Il tipo entra nel lotto dove siamo fermi con il mirino appoggiato sugli occhi, a fotografare. Si sofferma a guardarci. Chissà quanti ne ha visti, come noi, di gruppi di fotografi che girano per il quartiere a immortalare angoli, linee e colori in una zona di Roma che meriterebbe avere visite guidate a ogni ora.
Poi però si avvicina.
“Ao, ma de dove siete, voi?”.
Maurizio gli risponde. “Di Roma, di Roma…”
“E de che parte, de Roma?”.
“Beh, varie parti… Centro, Roma nord…”.
“Se, ciao coreeee”, e s’allontana salutandoci con la mano.
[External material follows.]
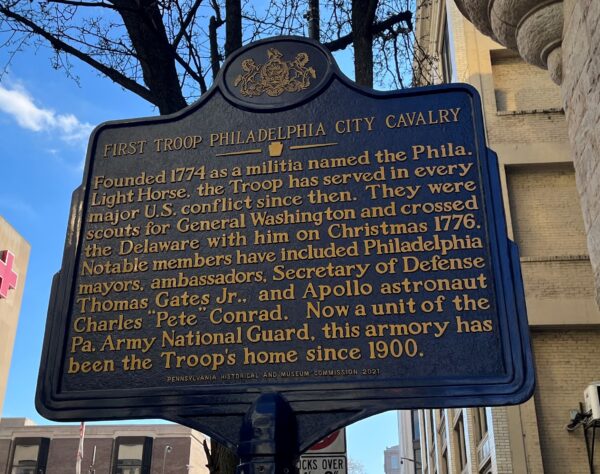 FIRST TROOP PHILADELPHIA CITY CAVALRY MEMORIAL MARKER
Romanità pura di Roma, alla Garbatella. Solo qui rischi di essere straniero in patria. Anche se l’intercalare romano ce l’hai, eccome se ce l’hai, ma non basta. Non puoi essere uno di loro se non sei nato lì, o se almeno non ti hanno adottato dopo chissà quanti anni di residenza.
E sì che ne varrebbe la pena, perché di case deliziose ne abbiamo viste a ogni lotto. Ma soprattutto profumo di bucato appena fatto, panni stesi ovunque, signore che ricordano le classiche nonne che preferiscono non farsi fotografare, ma che ti invitano a entrare nei lotti, nelle loro stradine, nei loro territori.
Garbatella è bella anche per questo. Ti senti parte del posto subito, anzi, temi di non essere all’altezza di quello che ti offre.
E poi ragazze che chiacchierano, bambini che giocano, pratini colorati, palazzi ristrutturati a metà, persino un Harley Davidson.
Infine dei messaggi d’amore scritti sui muri. Scritte che vivono e cambiano perché, le storie di coppia, vivono e cambiano anch’esse. Basta solo lasciare al tempo il suo ruolo.